- Opening Delimiter -

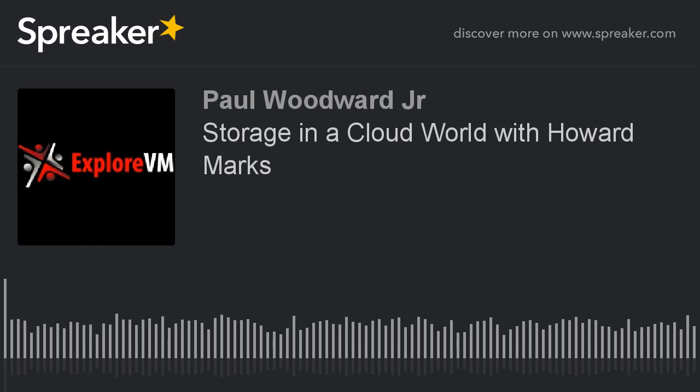Hello and welcome to the ExploreVM podcast. My guest today has over 25 years in the storage and networking industry. Howard, please introduce yourself. Sure. I'm Howard Marks, and I started in 1981 when there were 300 people in the microcomputer industry because we didn't call it PC yet. I am now a storage industry analyst. I've been following the market for the past 15 years strictly in storage and have written for pretty much all the trade magazines at one time or another.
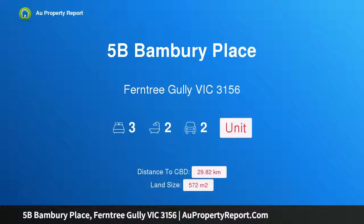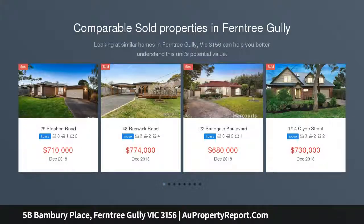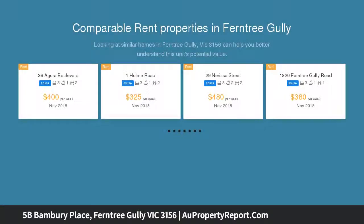I am glad to introduce Property 5B Bambury Place, Ferntree Gully Victoria 3156 — a beautiful custom home in a quiet court position. Away from the noise and hustle, this property is still within walking distance of Ferntree Gully Village and train station, and promises a great lifestyle in a unique and beautifully finished home.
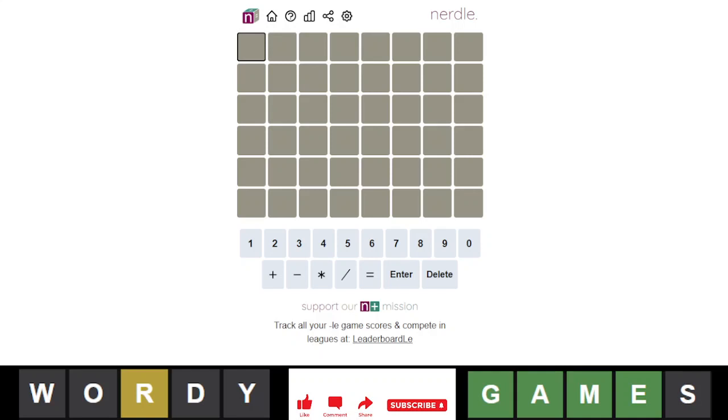Hey everyone, it is September 7th, 2022, and we're back with our daily nurdle, nurdle number 231.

- Closing Delimiter -

INSTRUCTIONS TO FOLLOW:
Where the material above includes pictures, omit them and retype everything else exactly.

ANSWER FOR THIS EXERCISE:
Hello and welcome to the ExploreVM podcast. My guest today has over 25 years in the storage and networking industry. Howard, please introduce yourself. Sure. I'm Howard Marks, and I started in 1981 when there were 300 people in the microcomputer industry because we didn't call it PC yet. I am now a storage industry analyst. I've been following the market for the past 15 years strictly in storage and have written for pretty much all the trade magazines at one time or another.
I am glad to introduce Property 5B Bambury Place, Ferntree Gully Victoria 3156 — a beautiful custom home in a quiet court position. Away from the noise and hustle, this property is still within walking distance of Ferntree Gully Village and train station, and promises a great lifestyle in a unique and beautifully finished home.
Hey everyone, it is September 7th, 2022, and we're back with our daily nurdle, nurdle number 231.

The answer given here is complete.